極寒期は、車載カメラのレンズに霜が降りたり雪が付着したりすることで、車両周辺の障害物が検知されず、大きな事故につながる可能性がある。鮮明な映像を収集するためにヒーティングカメラが必要なのはそのためだ。
今回LGイノテックが開発した「高性能ヒーティングカメラモジュール」は、レンズの下部を直接加熱し、少ない電力を使用(最大4W)して速い速度で雪・霜を取り除く。
この製品を使用すると、レンズの解凍にかかる時間を従来の半分程度に短縮できる。
氷点下18度の極低温環境で実験を行った結果、LGイノテックの「高性能ヒーティングカメラモジュール」を使用した場合、わずか4分で凍りついたレンズの解像度が常温環境と同じレベルに回復することがわかった。その一方で、従来品は、同じ環境でレンズの霜を完全に取り除くまでに平均で約8分かかった。

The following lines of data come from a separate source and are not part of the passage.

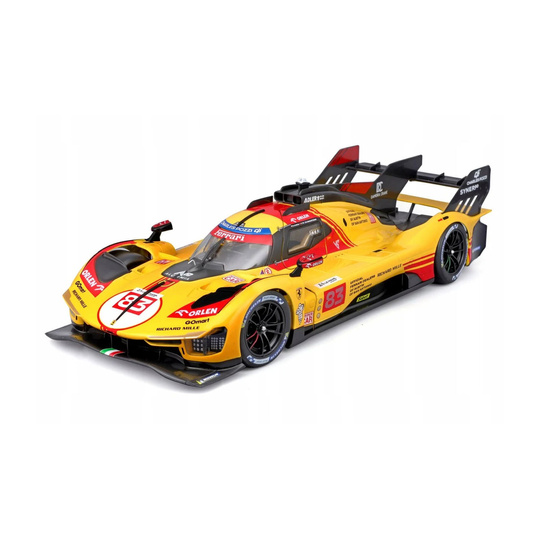 AF Corse Ferrari 499P WEC #83 Model Car 1:18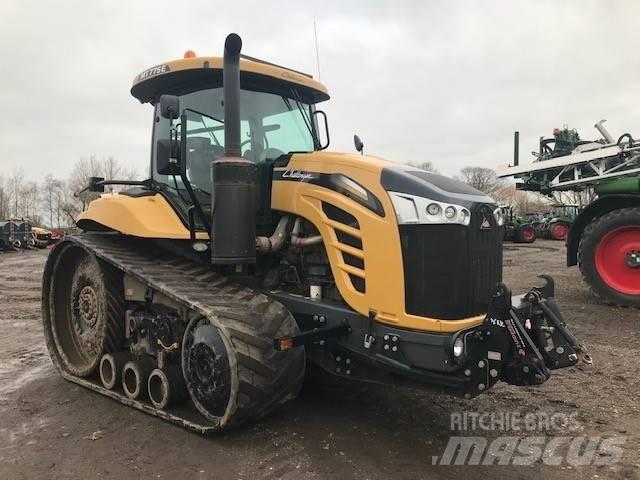 Challenger MT 775 E Трактора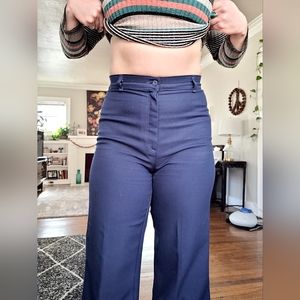 Levi's Navy Blue pants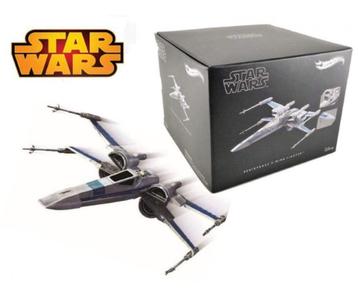 Star Wars The Force Awakens Resistance X-Wing Fighter beschikbaar voor biedingen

LGイノテックが開発した「高性能ヒーティングカメラモジュール」には、高効率PTC(Positive Temperature Coefficient)素材が採用されているのが特徴だ。PTC素材は、温度が一定水準以上に上昇すると、自ら電流の量を減らして適正温度を保つ。
このような素材の温度制御性能を活かして、雪・霜の迅速な除去に最適な場所であるレンズの下部にヒーターを取り付けることができた。また、レンズを直接加熱した場合に過熱によってレンズの性能が低下する恐れも解消された。
現在発売されている従来品のほとんどは、PTCではなく、熱線素材が採用されている。PTC素材とは異なり、自己温度制御機能がないため、過熱防止用の温度制御回路をカメラモジュールに追加する必要がある。そのため、カメラモジュールのサイズが大きくなり、クライアント側にも設計変更の手間が発生する。
このような設計変更問題を最小限に抑えるため、熱線素材が採用されている一部の製品は、既存のカメラモジュールの上に取り付ける分離型ヒーターとして発売されたものもある。これは、カメラモジュール全体を加熱する「間接ヒーティング」方式が採用されたもので、「直接ヒーティング」に比べて時間がかかるだけでなく、熱損失が多いため、電力消費量が増えるというデメリットもある。
LGイノテックが開発した「高性能ヒーティングカメラモジュール」には、世界最高水準の超精密光学設計技術とカメラモジュールの組立技術が採用されている。
これにより、従来品の短所を補い、レンズとヒーターを一つのモジュールにまとめ、設計の自由度を高めている。カメラモジュールの空きスペースにPTCヒーターを搭載しただけでなく、カメラとヒーターへの入力電源を一体化しているため、ヒーターを取り付けてもカメラモジュールのサイズは従来品とほとんど変わらない。
そのため、クライアント側は、設計を変更することなく、既存のカメラモジュールの搭載位置にこの製品をそのまま搭載できる。
LGイノテックの関係者は、「『高性能ヒーティングカメラモジュール』は、1月のCES 2024で初公開され、脚光を浴びた製品だ」とし、「2027年の量産を目標に、世界中のクライアントを対象に積極的なプロモーション活動を展開している」と述べた。
ムン・ヒョクスCEOは、「LGイノテックはこれからも、独自のカメラモジュール技術力を活かして車載カメラモジュール・LiDAR・Radarなど差別化された顧客価値を提供する『自律走行用センシングソリューション事業』を強化し、未来モビリティ部品市場の攻略を加速する」と述べた。
一方、市場調査会社のS&Pグローバル(S&P Global)や内部分析によると、世界の車載カメラモジュール市場規模は、自律走行技術の高度化に伴い、2023年の約64億3,700万ドル(8兆6,000億ウォン)から2030年には100億3,000万ドル(13兆4,000億ウォン)へと、年平均6%で成長すると予想されている。